I couldn’t have desired more emphasis, but I just hesitated. “She’s so horrible?”
I saw my colleague scarce knew how to put it. “Really shocking.”
“And about me?”
“About you, Miss—since you must have it. It’s beyond everything, for a young lady; and I can’t think wherever she must have picked up—”
“The appalling language she applied to me? I can, then!” I broke in with a laugh that was doubtless significant enough.
It only, in truth, left my friend still more grave. “Well, perhaps I ought to also—since I’ve heard some of it before! Yet I can’t bear it,” the poor woman went on while, with the same movement, she glanced, on my dressing-table, at the face of my watch. “But I must go back.”
I kept her, however. “Ah, if you can’t bear it—!”
“How can I stop with her, you mean? Why, just
for
that: to get her away. Far from this,” she pursued, “far from
them
—”
“She may be different? she may be free?” I seized her almost with joy. “Then, in spite of yesterday, you
believe
—”
“In such doings?” Her simple description of them required, in the light of her expression, to be carried no further, and she gave me the whole thing as she had never done. “I believe.”
Yes, it was a joy, and we were still shoulder to shoulder: if I might continue sure of that I should care but little what else happened.
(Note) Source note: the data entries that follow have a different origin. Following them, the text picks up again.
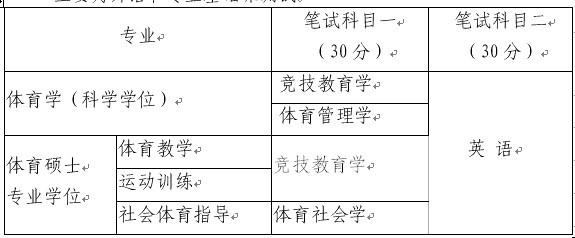吉林体育学院2012年考研复试信息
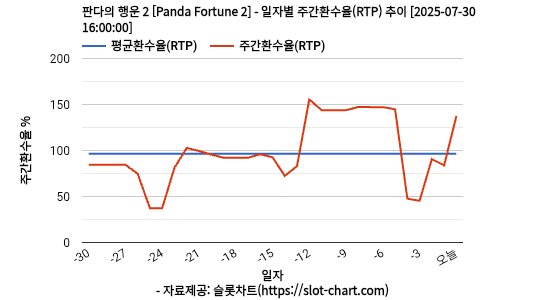 판다의 행운 2 [Panda Fortune 2] 차트 추천 차트이미지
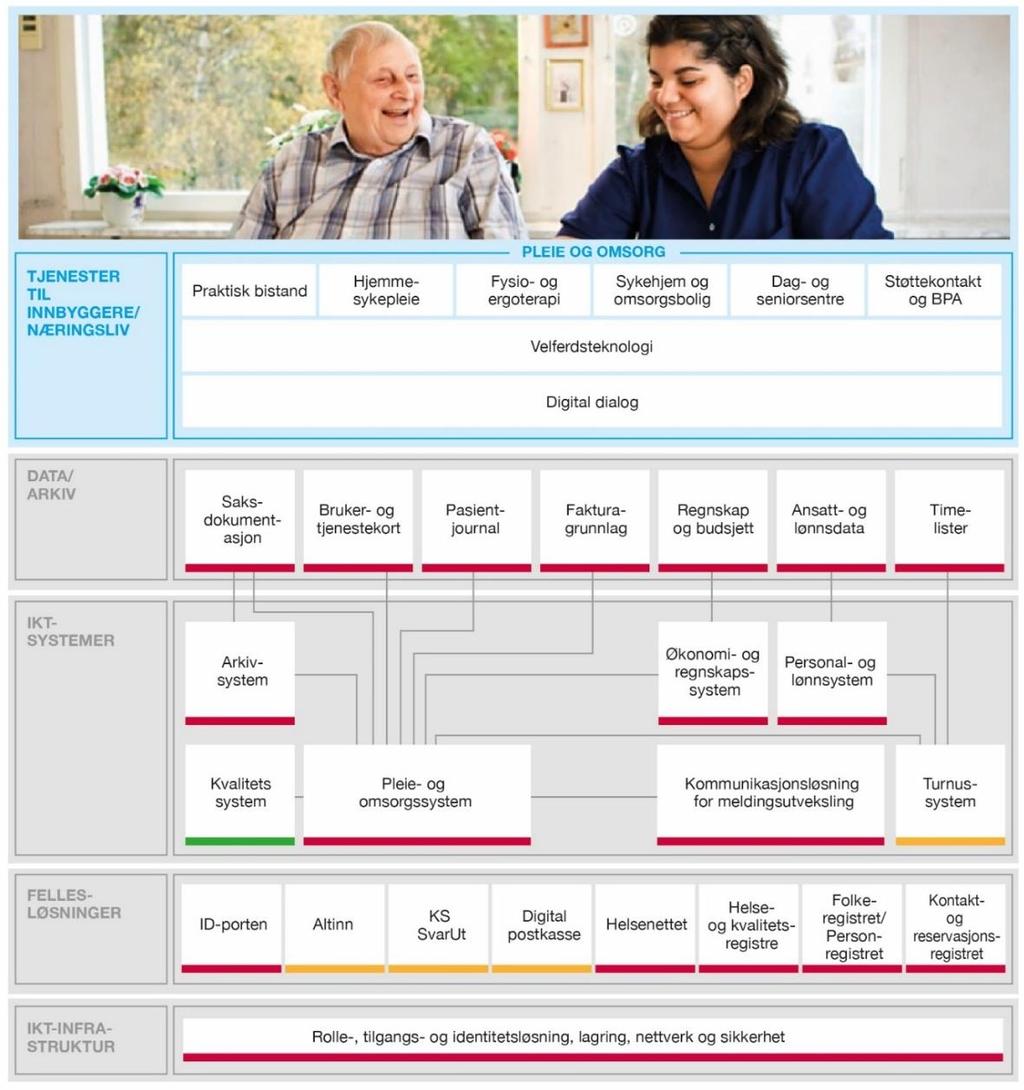 Tjenester Data / arkiv IKT-systemer Fellesløsninger IKT-infrastruktur Eksempel pleie og omsorg Konvertere bruker- og tjenestekort - Utføre datavask - Konvertere grunndata Videreføre pasientjournaler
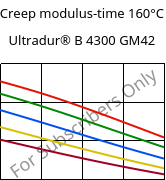 Creep modulus-time 160°C, Ultradur® B 4300 GM42, PBT-(GF+MF)30, BASF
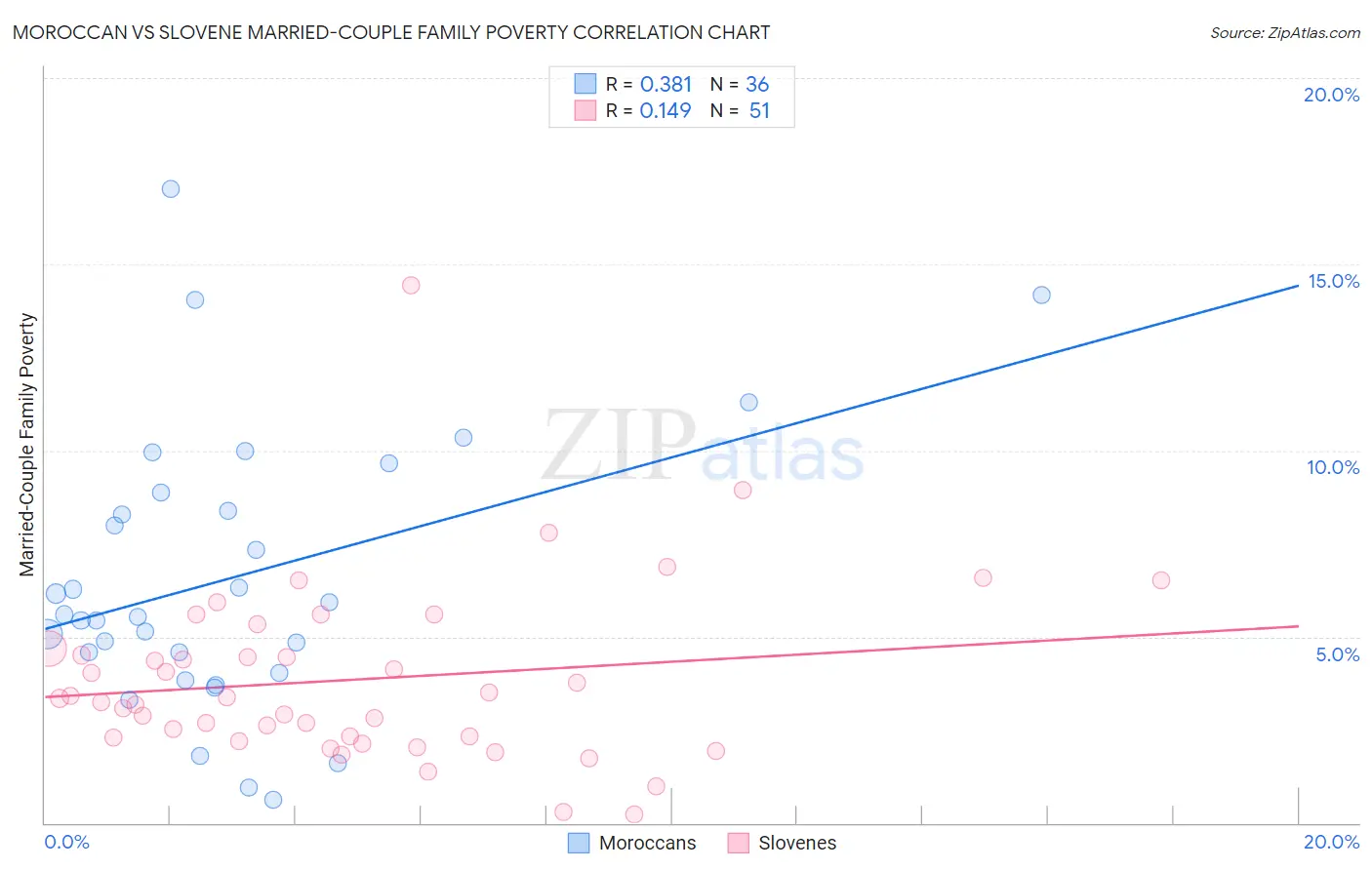 Moroccan vs Slovene Married-Couple Family Poverty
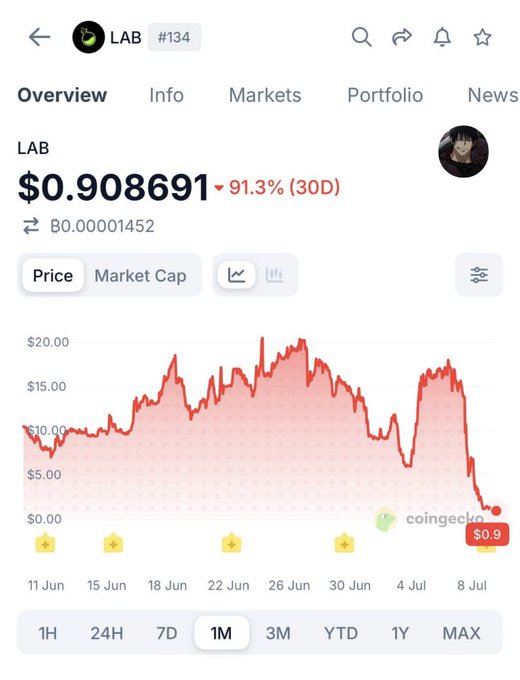 A CoinGecko price chart for the cryptocurrency 'LAB' (#134) priced at $0.908691, showing a sharp 91.3% decline (30D) with the price crashing from over $20.00 to around $0.90 in early July.
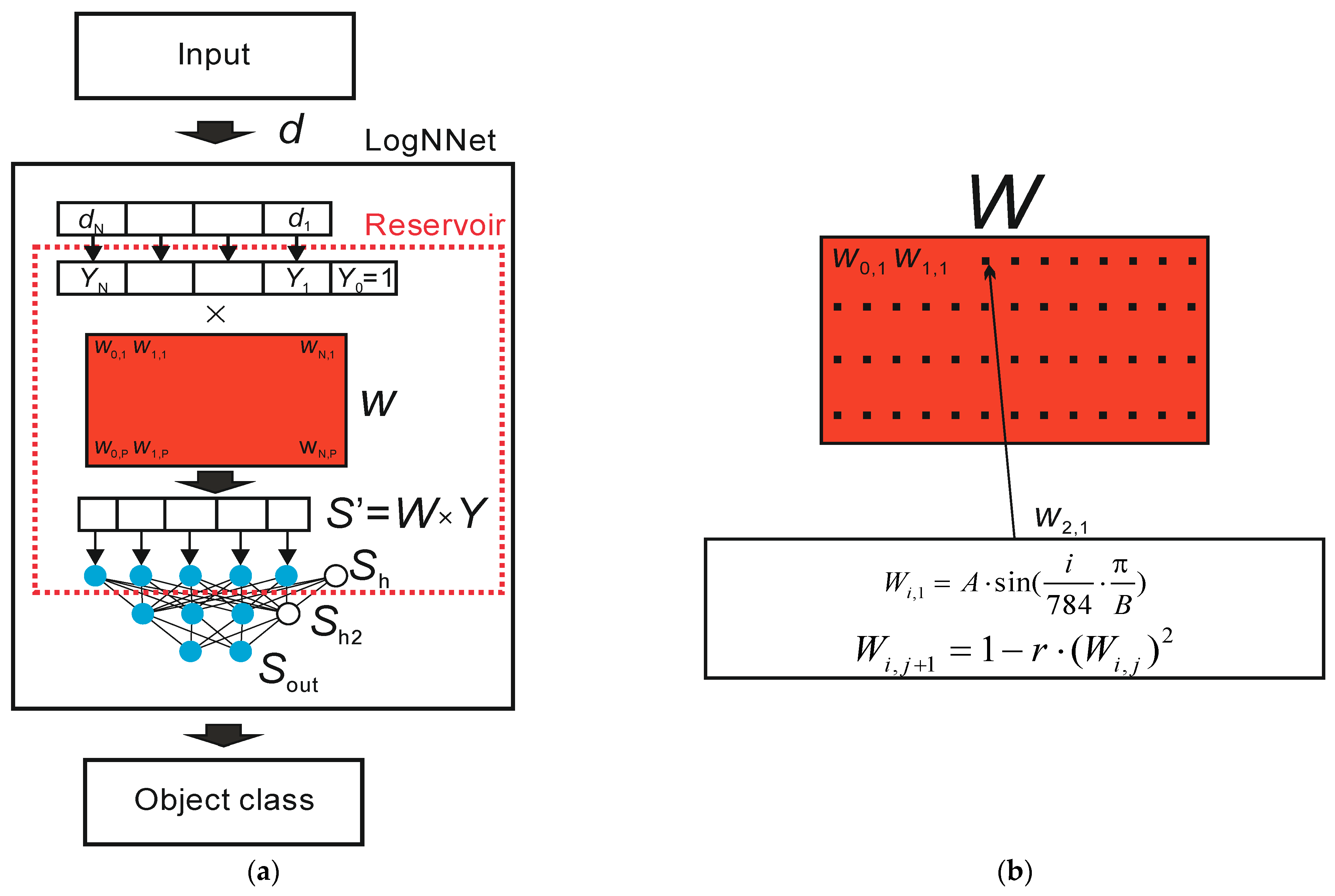 Sensors 21 06209 g002
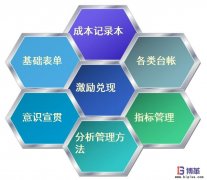 如何控制工位物料成本？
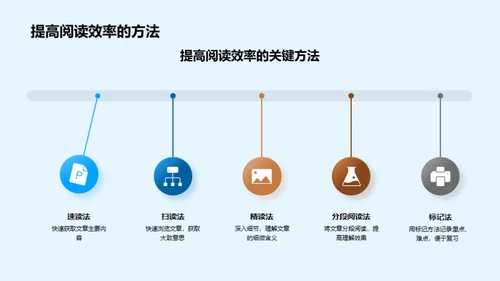 阅读理解提升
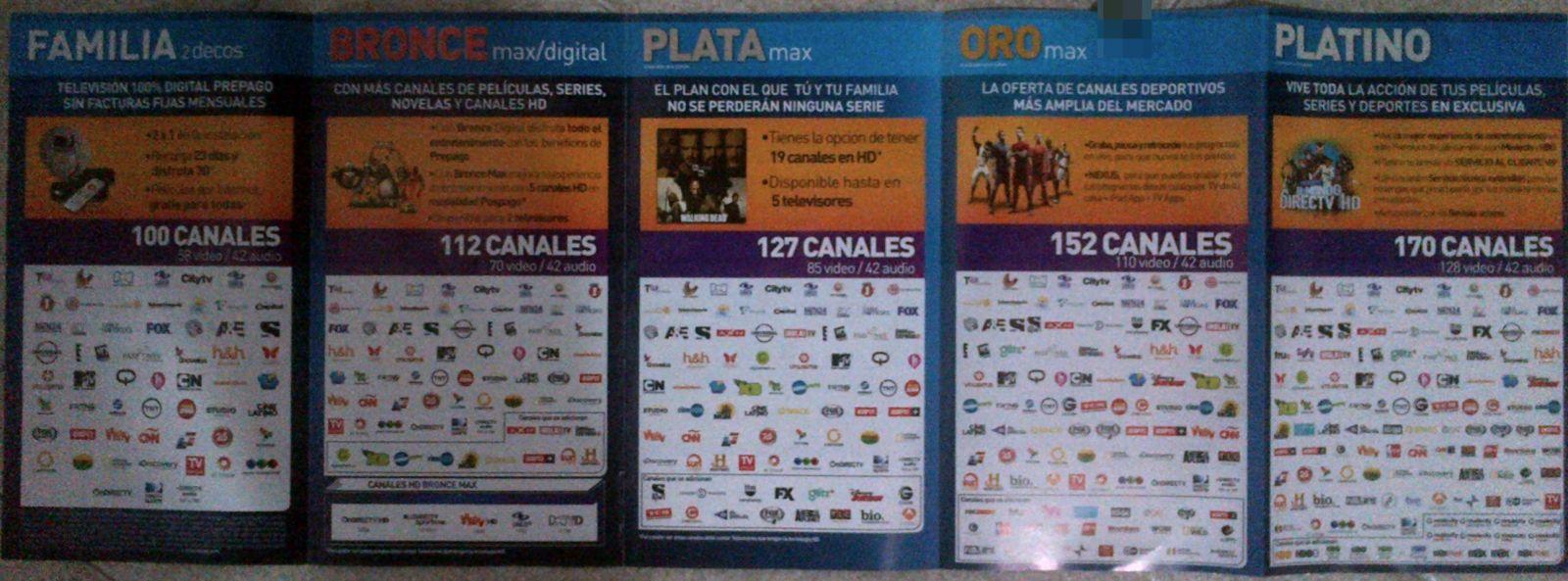 Actuales planes de programación de DirecTV Colombia (Octubre 2013)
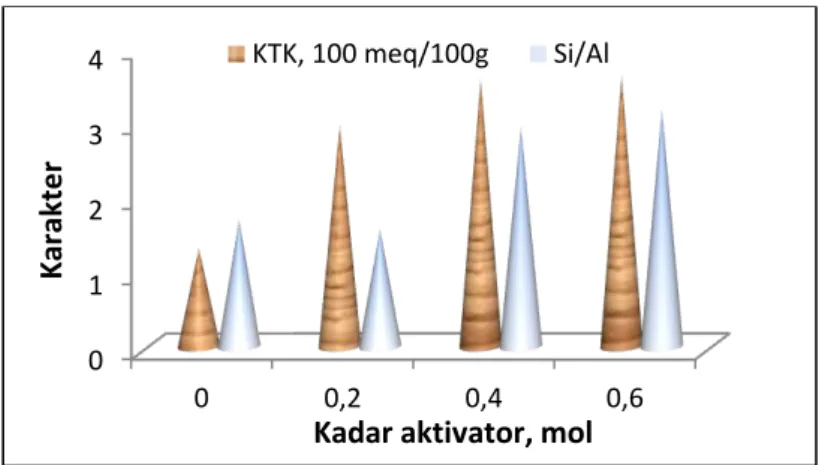 Gambar 1. Hubungan kadar aktivator dengan karakter KTK  dan Si/Al di dalam CAS 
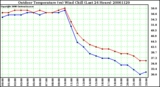 Milwaukee Weather Outdoor Temperature (vs) Wind Chill (Last 24 Hours)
My support in the presence of disaster would be the same as it had been in my early need of confidence, and if my friend would answer for my honesty, I would answer for all the rest. On the point of taking leave of her, none the less, I was to some extent embarrassed. “There’s one thing of course—it occurs to me—to remember. My letter, giving the alarm, will have reached town before you.”